Die zeitnahe Integration von Geflüchteten in den Arbeitsmarkt wird schwierig. Foto: Raffi Derian/Märkischer Kreis

Märkischer Kreis. (pmk) Die Integration von Flüchtlingen mit Bleibeperspektive in den ersten Arbeitsmarkt wird schwierig. Das sagte der Geschäftsführer des Jobcenters, Volker Riecke, im Ausschuss für Gesundheit und Soziales des Kreises.Mit mehr als 5.000 geflüchteten Menschen habe der Märkische Kreis im Vergleich zu anderen Kommunen überproportional viele aufgenommen. Das bekomme auch das Jobcenter zu spüren, erklärte  Volker Riecke.
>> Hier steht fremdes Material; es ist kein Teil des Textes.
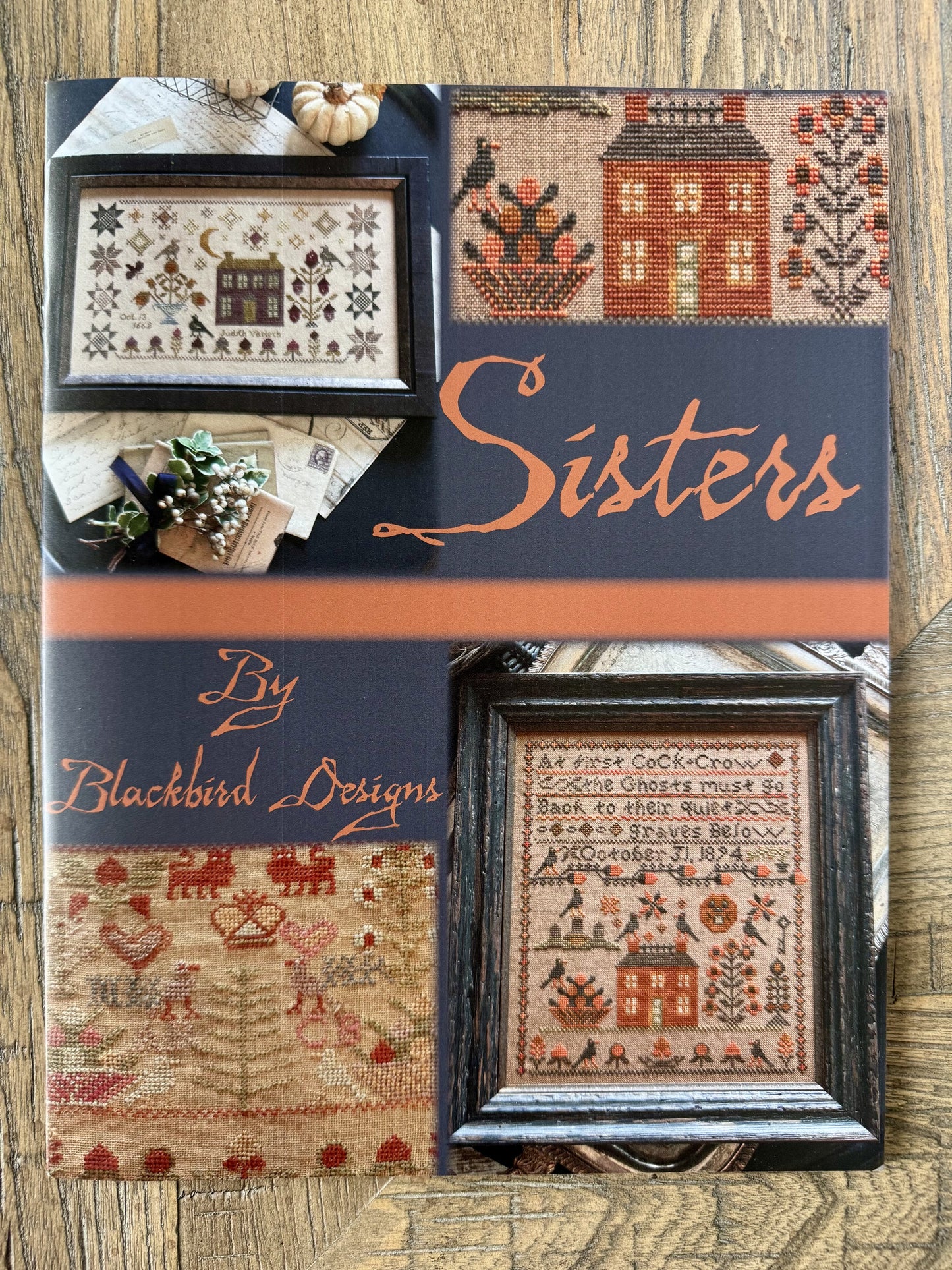 Sisters ~ Blackbird Designs ~ Cross Stitch Booklet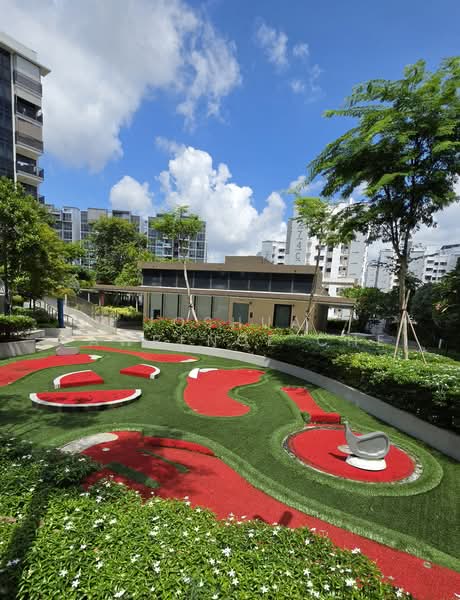 Sengkang Grand Residences, 88 Compassvale Bow, 2 Bedrooms, 624 sqft, Condominium For Sale, by Joshua Lawrence Che, 500179685 - Mini Golf - PropertyGuru.com.sg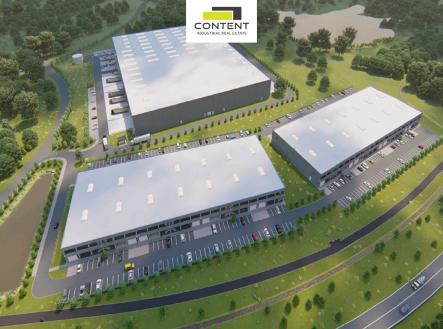 Pronájem - skladovací prostor, 6 179 m²
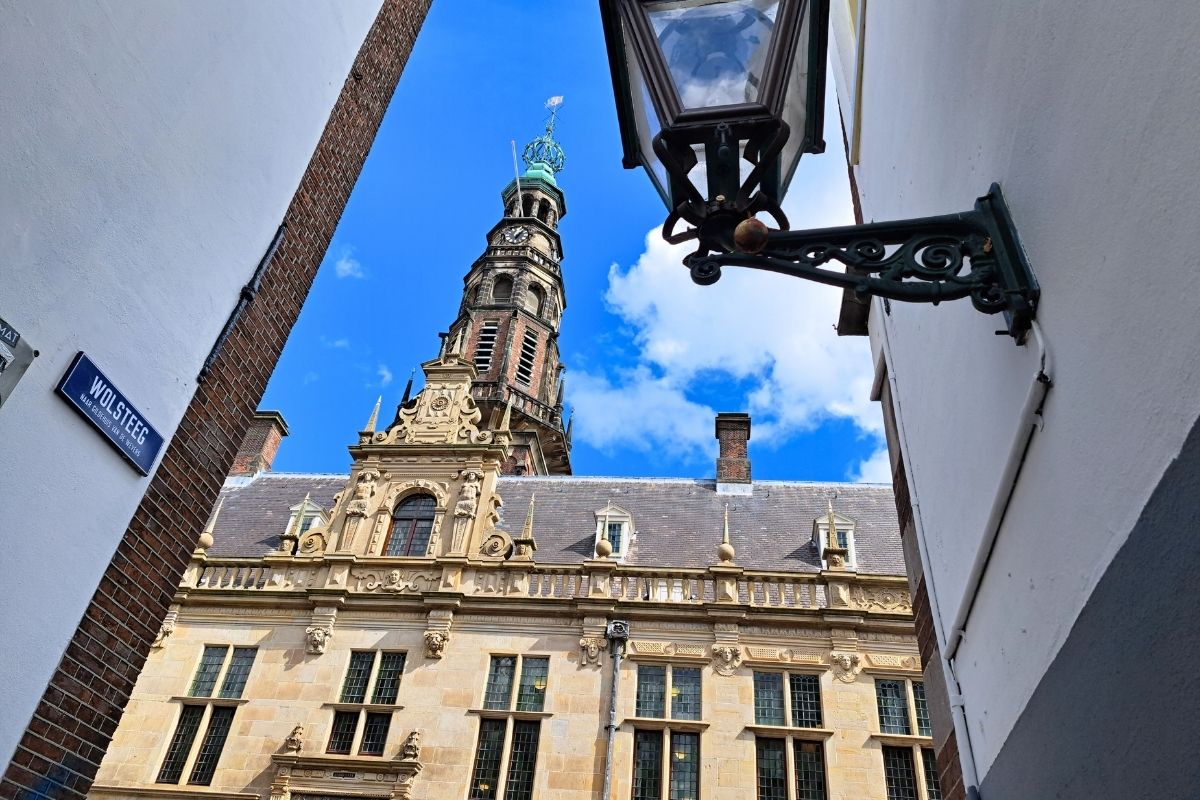 Stadswandeling Leiden
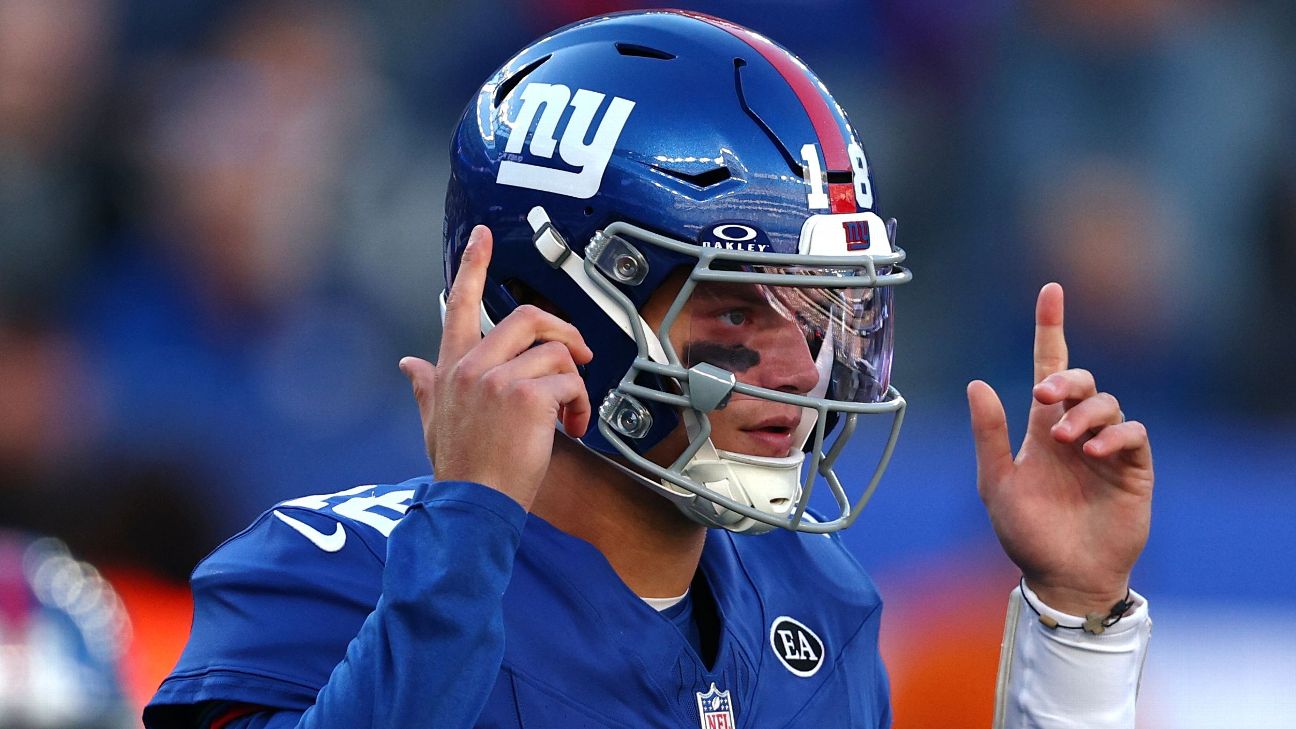 Source: Giants turning to JJ McCarthy as QB1 this week against Texans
2500 Bewerber mit hoher Bleibeperspektive

„Im Märkischen Kreis leben aktuell rund 2.300 Asylbewerber mit hoher Bleibeperspektive. Im nächsten Jahr werden weitere dazu kommen“, so Riecke. Für das Jobcenter bedeute dies, bei einem angenommenen Anstieg von 145 Personen monatlich sei mit einem Bestand von bis zu 3.400 erwerbsfähigen Flüchtlingen im Dezember 2017 zu rechnen. „Dies entspricht rund 2.550 Bedarfsgemeinschaften“, erklärte der Jobcenter-Geschäftsführer.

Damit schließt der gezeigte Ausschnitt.